A short introduction to writing Kafka stream processing applications with the ZIO Kafka library.
ZIO Kafka is a lean and expressive library for interacting with Kafka through a ZIO Streams-based interface.
At Ziverge, we're big fans of Apache Kafka for creating a messaging fabric between microservices. From replicating data using changelog topics, to distributing work to multiple consumers, Kafka is a robust and scalable data store for processing loads of data.
In this post, we'd like to introduce you to ZIO Kafka - a lean library that provides an elegant interface to the Kafka APIs based on ZIO and ZIO Streams. After a quick introduction, we'll show how you can easily create a consumer process that reads records from Kafka, chunks them up and writes them to files.

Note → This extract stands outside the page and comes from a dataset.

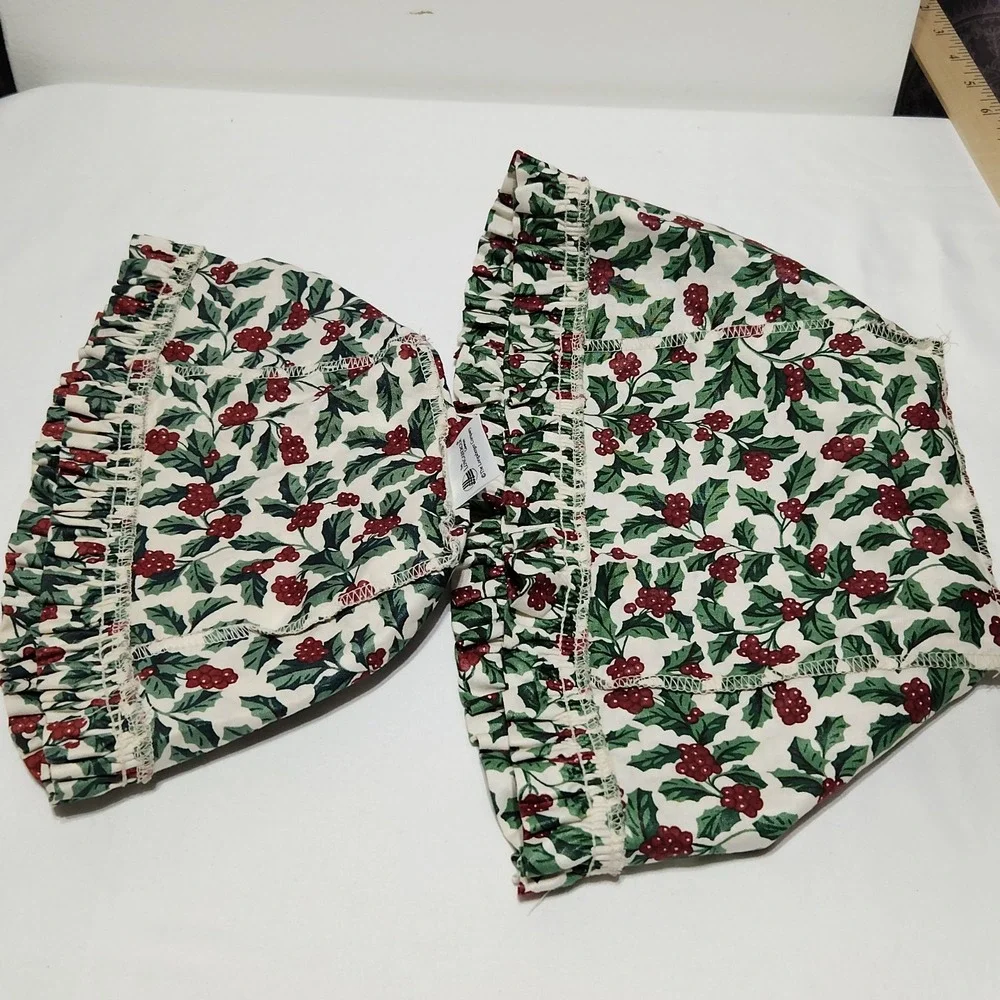 Longaberger American Holly Liner LOT of 2 Christmas Holiday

We're going to use some imports throughout this file, so for brevity's sake, we'll list them here:
import zio._, zio.stream._, zio.duration._
import blocking.Blocking, clock.Clock
import zio.kafka.consumer._, zio.kafka.producer._, zio.kafka.serde._
import org.apache.kafka.clients.consumer.{ KafkaConsumer, ConsumerRecords, ConsumerRecord }
Interfacing applications with Kafka using the standard consumer and producer libraries is not an easy task, particularly if we're looking for asynchronous, non-blocking processing that integrates well with ZIO. Consuming Kafka topics is an effectively infinite computation; at any point in time, more data could be written to those topics. Therefore, long-running applications that consume these topics must be structured as infinite loops.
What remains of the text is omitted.